#### [About this exercise]
Your answer must hold only the lines below from the line containing "More Photos Of" through the line containing "Peugeot 208 - 16", each reproduced exactly.

#### [Data extract]

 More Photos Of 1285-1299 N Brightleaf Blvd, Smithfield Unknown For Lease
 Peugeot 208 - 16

--

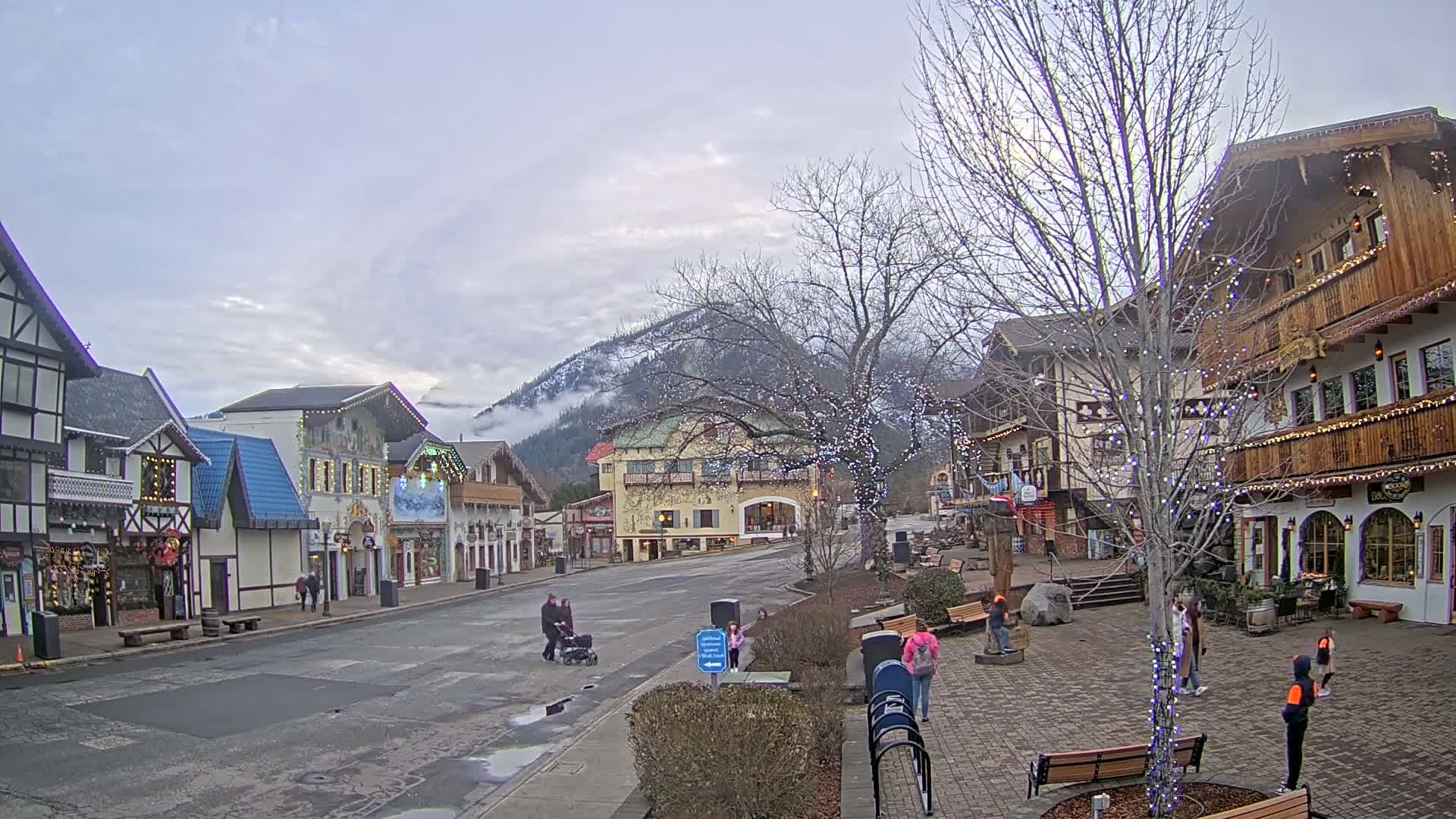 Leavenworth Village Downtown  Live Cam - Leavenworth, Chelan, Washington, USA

#### [Response area]
 More Photos Of 1285-1299 N Brightleaf Blvd, Smithfield Unknown For Lease
 Peugeot 208 - 16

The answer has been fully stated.